Quick tips to make your business communication more professional
With the advent of WhatsApp, and email continuing to be integral form of interaction, more and more business communication is now done in writing. The nuances of what is appropriate across these different platforms can be tricky to grasp, especially as clients use them in different ways. There are, however, some simple tips to help make your business communication more professional in all forms.
Everyone makes typos and spelling errors tend to happen when preparing documents or writing emails, but not everyone is in the habit of proofreading. Business communications with mistakes indicate a lazy approach, and should be avoided at all costs. Where the ‘cost’ is running a spell check, whether by eye or using a programme, which takes a matter of minutes, there really is no excuse.
Always check for attachments, to avoid the embarrassment of having to send a follow up ‘Now attached!’ email. This error dents the sheen of professionalism you want to project. Even if it means sticking a post-it note on your laptop screen to check each email for attachments before sending, it’s worth it!
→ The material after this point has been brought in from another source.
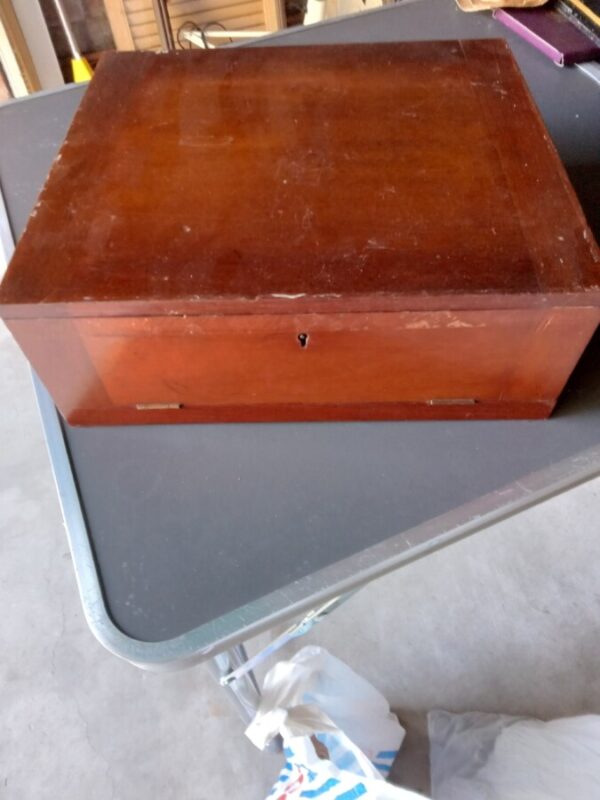 A COLLECTORS COIN BOX WITH SO MANY COINS IN.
We are all busy. Respect the limited time your colleague, client, or service provider has to read your communications. Succinct writing is good writing – a useful approach is to challenge yourself to articulate exactly what you need to express, ask, or demonstrate with the minimal number of words. Keep the tone appropriate, but remove all unnecessary phrases. A helpful way to start is by trying to cut at least three words from each sentence after you have written a first draft.
Edit for clarity
Business, and life, are conducted at such a fast pace now, it can be tempting to ping off emails or replies almost automatically. However, every message you send contributes to the impression your client, employer, or service provider builds of you, your abilities, and the status of the relationship. Avoid falling into the trap of completing multiple tasks in minimal time; read your communications back to yourself to ensure that they are clear. Your correspondent should be able to gather what you are aiming to communicate on first read.
Flag and file
As businesses move to paperless systems, our computers become like filing cabinets. There was a reason businesses invested in systems for organisation and archiving – because information remains relevant, and needs to be accessible. Create a system which works for you, whether that is folders within your inbox, flagging/pinning certain chains, marking messages unopened until responded to, it should allow you to quickly access specific bits of information. Old messages should be retained for reference, and the best systems include being strict about keeping all communications relating to a topic in one form, for example one email chain about each project.
Consider appropriate distance
Particularly when you have worked with a client for some time, a rapport hopefully develops. This is a huge positive, obviously, but you shouldn’t then use business communication to discuss your personal problems. Keep the two separate. Remember that business communications are a reflection of your conduct in the industry, not your social circle or personal relationships. Would you be happy for a prospective client, your boss, or business partner to read what you are sending from a work email address?
In short, be clear, concise, and check for typos or attachments. Implement a system to keep communications accessible and accountable. Finally, read through everything and ensure that, in terms of tone, you would be happy for someone else in the industry to read your interactions.